Recall Saint Paul’s words from his letter to the Church at Ephesus proclaimed just a moment ago: “Grace was given to each of us according to the measure of Christ’s gift.” Believe with all your heart, Michael, that God’s Spirit rests upon you this day and will pour into your life grace and mercy to enable you to bring hope, healing and peace to the people God gives to your care. For your part, be steadfast in holding on to the treasure of God’s love.
In today’s gospel, Jesus three times asked Peter – the rock upon whom he would build his church – “Do you love me?” Obviously, Jesus’ three-fold question to Peter finds its source in the disciple’s three-fold denial of Jesus as he embraced his passion. Yet, what is so amazing in the exchange between Jesus and Peter is that Peter’s denial was not the last word. … Jesus’ invitation to “follow” was – as Jesus yet again affirmed the all too human Peter and called him to engage the mission of evangelization in a world desperately in need of good news.
The mission that Jesus entrusted to Peter – as ill-equipped as he was on his own – demanded that Peter embrace and model within his own life Jesus’ selfless love and total gift of himself.
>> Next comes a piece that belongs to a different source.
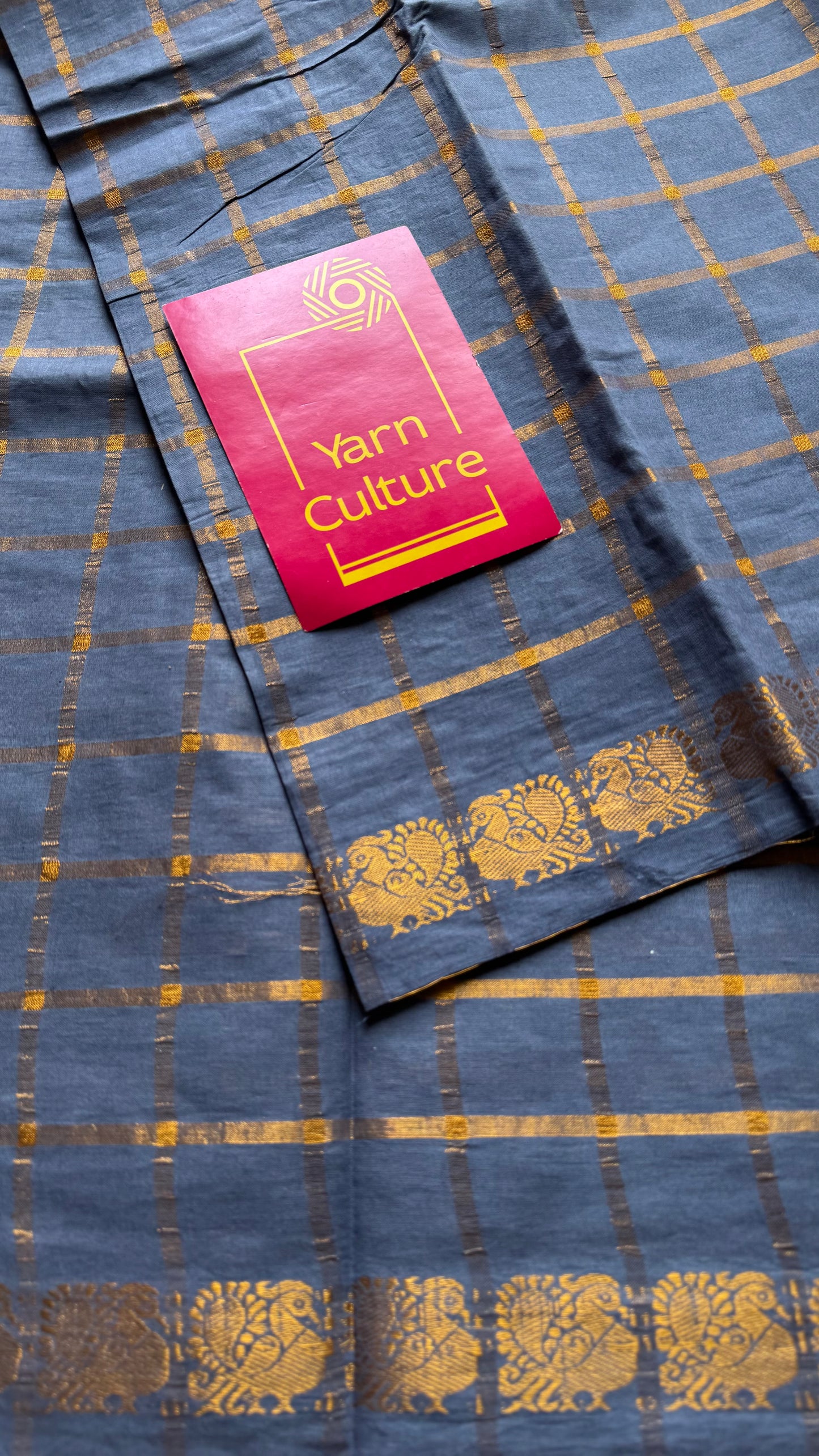 Grey pavithra kattam kattuchayam dyed madurai cotton saree - YCCOTNMSAP126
What an incredible mission to place upon the shoulders of any human person! Yet, that’s exactly what Jesus has always done. He’s called followers like Peter, followers who, on their own, could never fully embrace or understand the mission entrusted to their care – but followers who were humble enough to accept the mercy and love of God in the “earthen vessels” of their lives – and followers who were wise enough to know that if called, the Lord himself would provide them with all they would need to do his work.
So if you want your ministry as a deacon to be fruitful, Michael, you must root yourself in Jesus’ life and love. The disciplines of prayer, obedience and celibacy that you are called to embrace this day are meant to enable you to grow in the same spirit of service and mercy that so characterized Jesus’ ministry. These disciplines are not obstacles, hurdles or distractions that are somehow detached from what it means to be an ordained minister of the Church. They are not meant to set you up as being better or greater than others. Rather, they are the vehicles that will carry you to a deeper relationship with Jesus.
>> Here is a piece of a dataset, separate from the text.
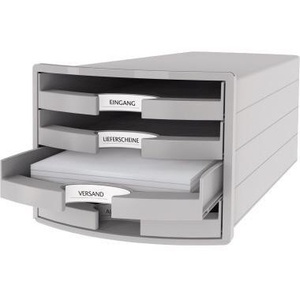 Light Gray Desktop Organizer with 4 Polystyrene <b>Drawers</b> for A4 & C4 <b>Filing</b> HAN IMPULS - Product Image 3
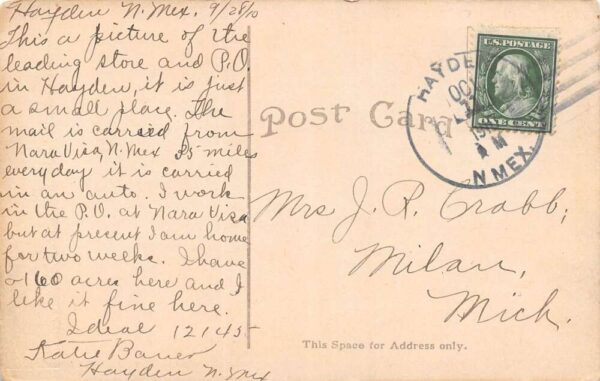 Hayden New Mexico Hayden Post Office & DuBois General Store Vintage PC U5131 - Image 2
Michael, your service to the People of God as a deacon is a threefold ministry: service to the Word of God – service at the Lord’s altar – and service to the poor.
As a deacon … you will proclaim the Gospel, preach homilies, convey the needs of the people of God in the General Intercessions and offer many other forms of instruction. You are to proclaim Christ to the world. … Yet in receiving the Gospel of Christ, remember that it is the truth of the message of Jesus Christ that you proclaim, not yourself.
As a deacon … you will also serve at the altar of the Lord, preparing it for the banquet of Christ’s sacrifice, distributing Holy Communion to the faithful, as well as to the sick and homebound. You will baptize, preside at weddings and funerals and other prayer services. … Be a good servant of the Church’s sacramental life and always point to Jesus as our life and our hope.
Finally, as a deacon … you are called to be the living and working expression of the charity of the Church. To you, then, is entrusted in a special way the ministry of charity that is at the very origin of diaconal ministry. As Pope Francis has reminded us, you are to go to the margins of our world where you will find the poor and the broken. So be generous in your service, imitating the Lord who washed the feet of the apostles at the Last Supper.
And so, with great joy, Michael, the Diocese of Scranton calls you forth for the sacrament of Holy Orders. While you have been given tremendous gifts and talents, we pray that you will always rely upon the grace of God to fill up whatever may be lacking in you to carry out fully the ministry entrusted to you this day.
I now ask that you proclaim your intentions before the People of God and trust that God who has begun the good work in you will bring it to fulfillment.